Of course, many have become single parents due to increasing number of divorces. Local figures indicate that, in South Africa, there were about 27,000 divorces in 1986 and 33,246 in 1987 and 32,524 in 1989. Two-thirds of these divorces involved children.

In 1985, more than 25,000 children were products of a home run by a single parent. September 1990 data shows that 73 percent of children in South Africa come from broken homes and 150,000 children had been affected by divorce in the last four years.

These figures surely have shot up by now.

The problem with divorce is that it is not only the marriage that disintegrates but also the children who get separated from one or both of the parents. South Africa is predominantly a patriarchal society and children have consequently suffered greatly due to absent fathers.

Men not facing their patriarchal responsibility has a profound effect on the collective consciousness of next generations of South Africans.

More concretely, effects of divorce on South African children include the increasing possibility for child exploitation. The increase of single parenthood in South Africa resulted to more orphans and street children as single parents opt to abandon their children because of extreme poverty.

In South Africa, foster parents actually receive more government funding than single parents resulting in the abandonment of young children because of the inability of single parents to provide for them. It is these children who most lack care and support and who are most at risk of being exploited.

Women single parents feel the stigma of being poor and unmarried, widowed or divorced and are under extreme pressure from the society. Single mothers who are looking for ways to support their children and who are very much willing to take huge risks to put some bread on the table are very vulnerable to prostitution and trafficking.

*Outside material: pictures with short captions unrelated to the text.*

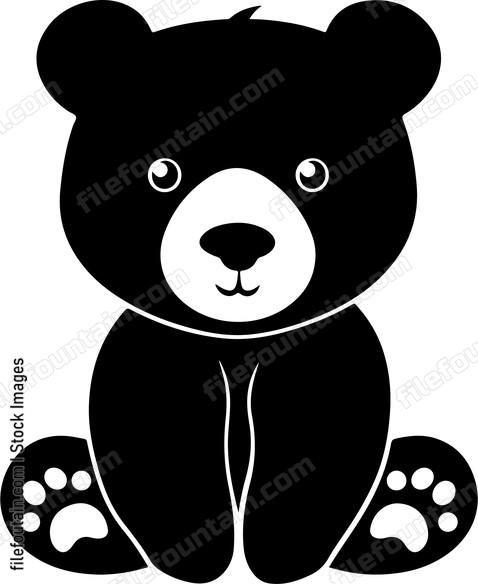Cute Bear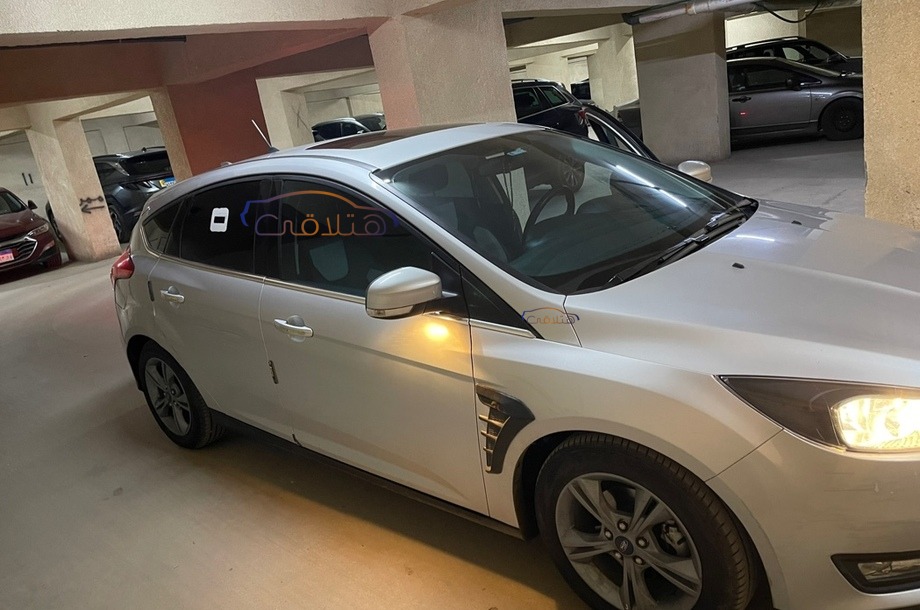 Focus Ford Silver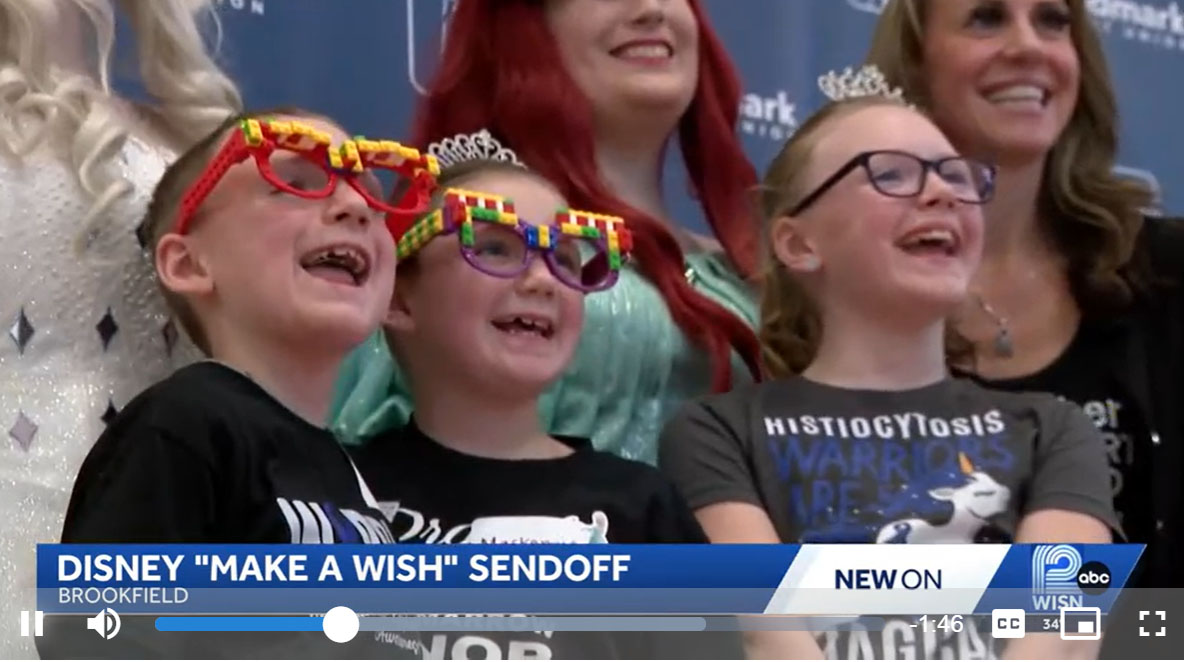 Make-A-Wish Wisconsin tweet media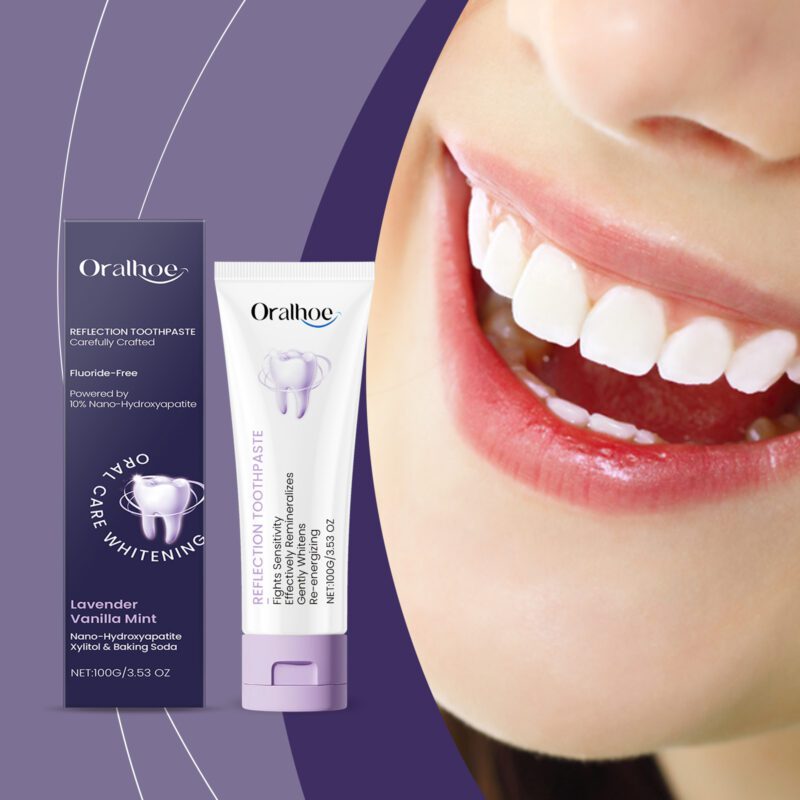Xylitol Toothpaste - Gum Care, Hygiene & Dirt/Stain Removal, Daily Toothpaste - Image 2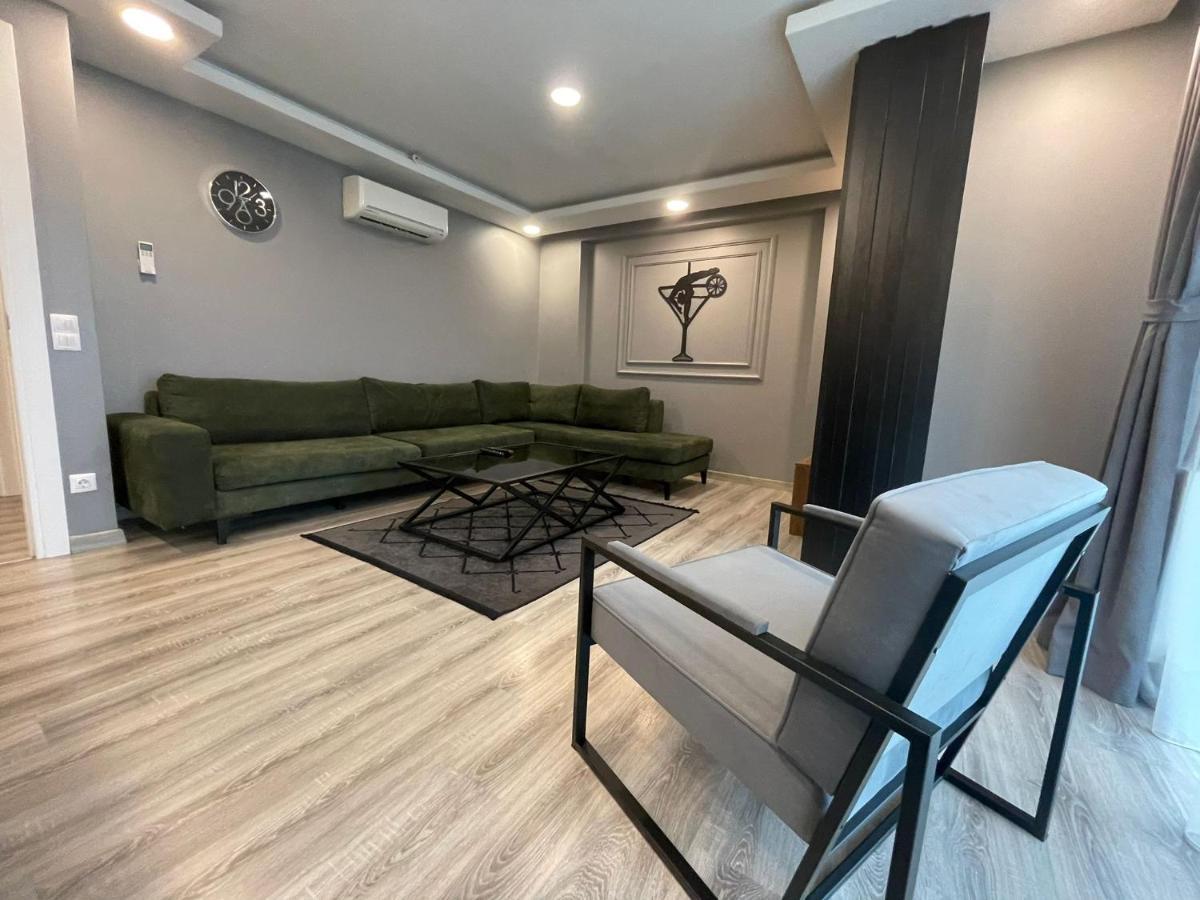 On4 Rooms & Suites Istanbul Exterior photo
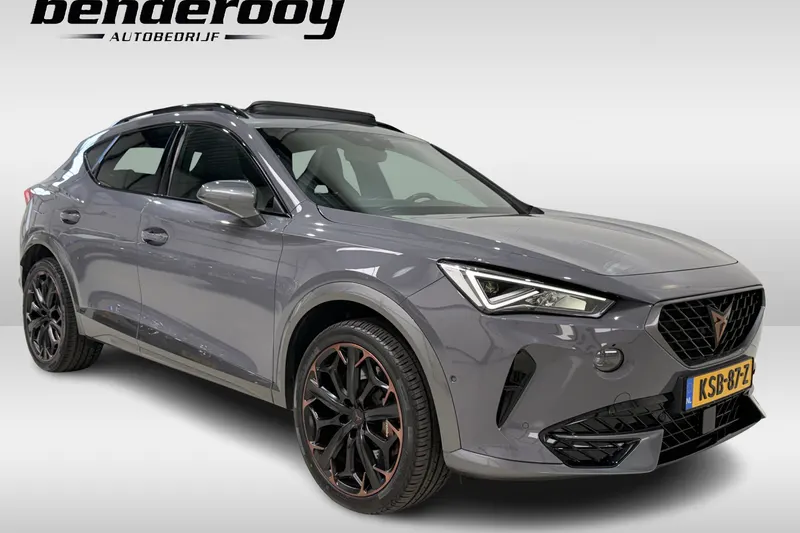 CUPRA Deze (2023)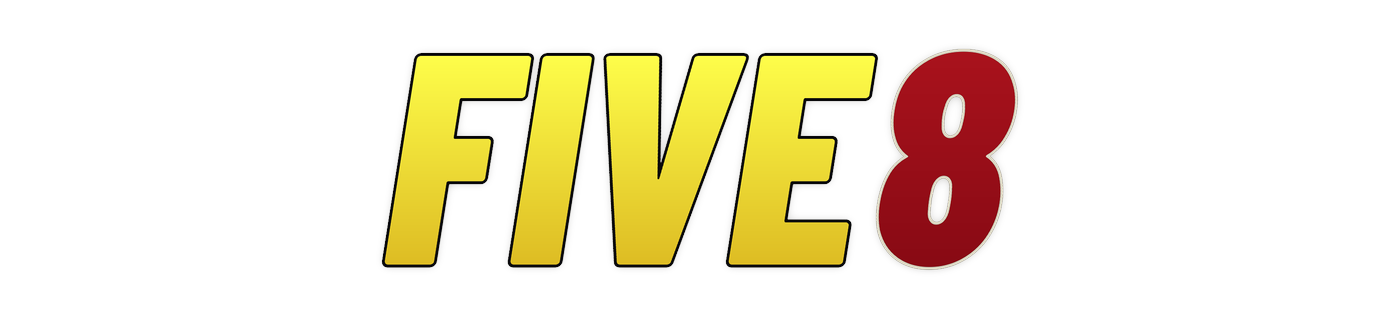 five8 logo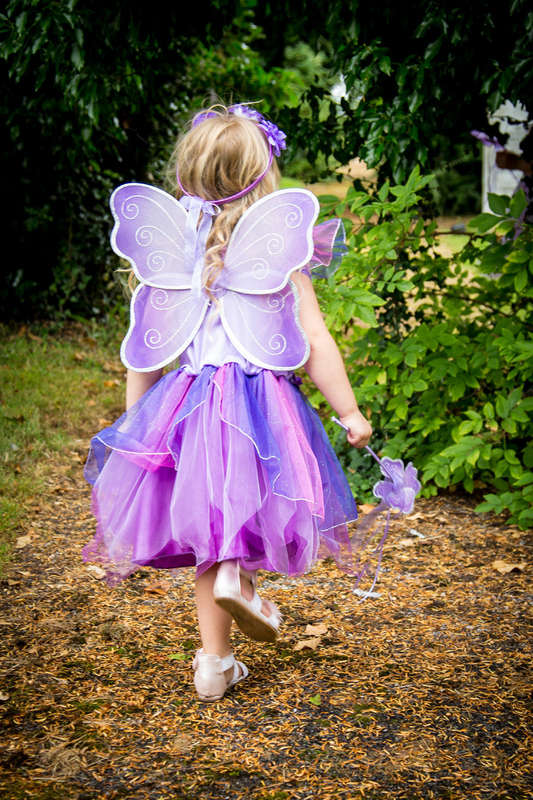 Amethyst Fairy & Princess Set - 3 to 4 years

For these situations, government and non-government immediate assistance are direly needed. Employment opportunities, education and vocation trainings for single parents should be of great help.

One example of programs that help single parents is that which an NGO called SOS Children run in Mamelodi, Mandela Village. Vocational training courses are offered to single parents. Courses include beadwork and sewing (dressmaking).

Women, and some men, on the sewing course make clothes and knit jumpers which they can then sell. This helps single parents generate a regular income so they can support their children. A number of single parents on this course are given grants to help them start-up their own businesses.